» Your instructions:
Restate, word for word and with no pictures, the stretch of lines in the data below that begins at the line with "解直角三角形复习 PPT课件 2 浙教版" and ends at the line with "El bebé orangután", inclusive.

» Material provided:
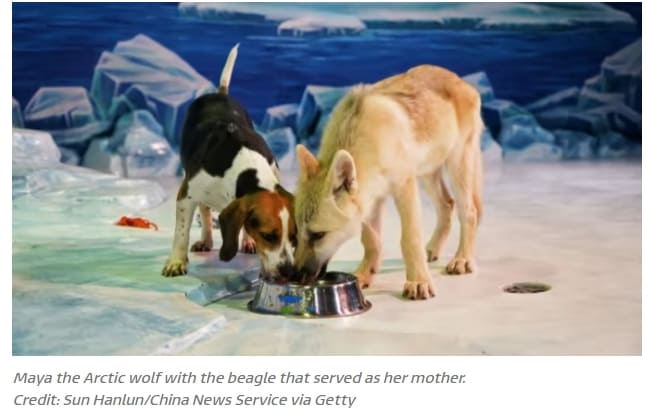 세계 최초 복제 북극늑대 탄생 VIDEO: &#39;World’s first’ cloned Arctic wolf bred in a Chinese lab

---

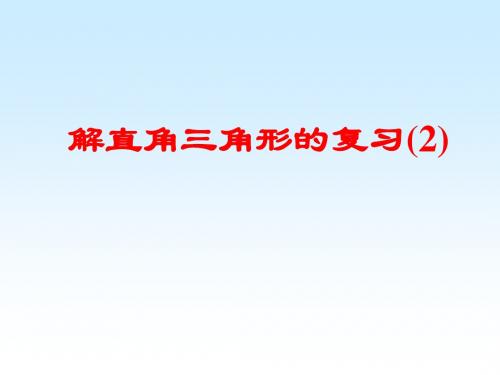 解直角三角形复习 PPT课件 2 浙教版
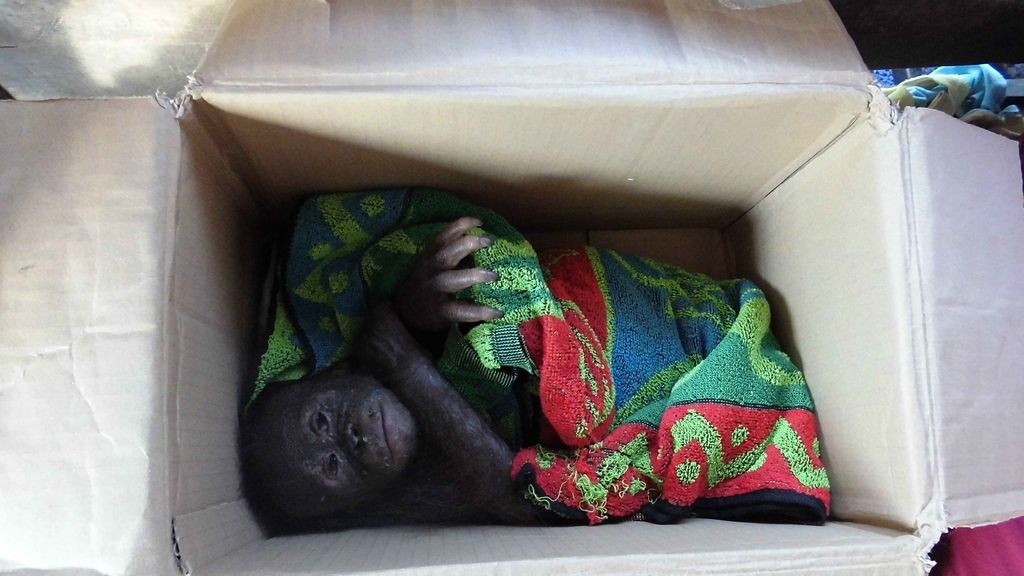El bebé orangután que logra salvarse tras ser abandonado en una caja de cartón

» Written response:
 解直角三角形复习 PPT课件 2 浙教版
El bebé orangután que logra salvarse tras ser abandonado en una caja de cartón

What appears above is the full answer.